If you have ever sat through the credits of a movie, you know that it takes more than a village to make a film. In fact, it sometimes takes an entire town or city, depending on the budget. But even on smaller films, every single name on that screen is an important cog in a huge wheel, down to the most seemingly minute task. A well-oiled machine needs efficient parts.
We tend to take this fact for granted, as swept away as we are by the pretty actors and occasionally prettier special effects. But make no mistake – that finished product you see on screen was due to many hands, from the cameraman and the set dressers to the script supervisor and the camera assistant. For many of these behind-the-scenes warriors, the only visibility they get among the public is that fleeting white text as the credits roll. But anyone who has been on a film or TV set can tell you that each and every member of that production team is an integral part of the process. And when one comrade falls, it sends ripples through the entire company.
Such is the case with Sarah Jones, a second assistant cameraperson with a few credits under her belt who paid the ultimate price for getting “the perfect shot” this past week when she was struck by a train while on location for Open Road’s Greg Allman biopic Midnight Rider. The incident has incited a tidal wave of discussion about the safety of movie sets and speculation as to whether the crew had permission to shoot in that particular location. Honestly, it doesn’t surprise me – as a filmmaker myself, I can attest to the ridiculous mountains of red tape that one has to scour to just accomplish the simplest task. There is so much room for error, an infinite number of ways that a ball can be dropped, or a T not properly crossed, for an entire production to come to a screeching halt. It really is a miracle that ANY films get made. As we know, real change usually doesn’t occur until tragedy strikes, and that is unfortunate, but if Miss Jones’s death can shed some light on the clusterf*** that is film production, then maybe there is a silver lining.
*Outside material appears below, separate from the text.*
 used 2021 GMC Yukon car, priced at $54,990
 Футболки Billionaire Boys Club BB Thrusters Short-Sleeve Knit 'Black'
In the meantime, supporters all over the industry have taken Sarah’s death to heart, and a Facebook group entitled Slates for Sarah has gained enormous momentum in the past few days, as crews from all over the entertainment industry have paid homage to a fallen family member – one of their own… one of the faceless worker bees who comes in early every morning, leaves late every night, and whose hard work the average viewer will never be able to conceptualize.
There’s also public outcry (and an online petition) to have Sarah’s name included in the In Memoriam at Sunday’s Oscars telecast, but that is unlikely to happen at this stage. At any rate, is that really what’s important here?
So, the next time you go to your local movie theatre to catch the latest superhero blockbuster or thoughtful indie feature, stick around to the very end. Let all those people who worked so hard have THEIR moment in the spotlight too. Do it for Sarah.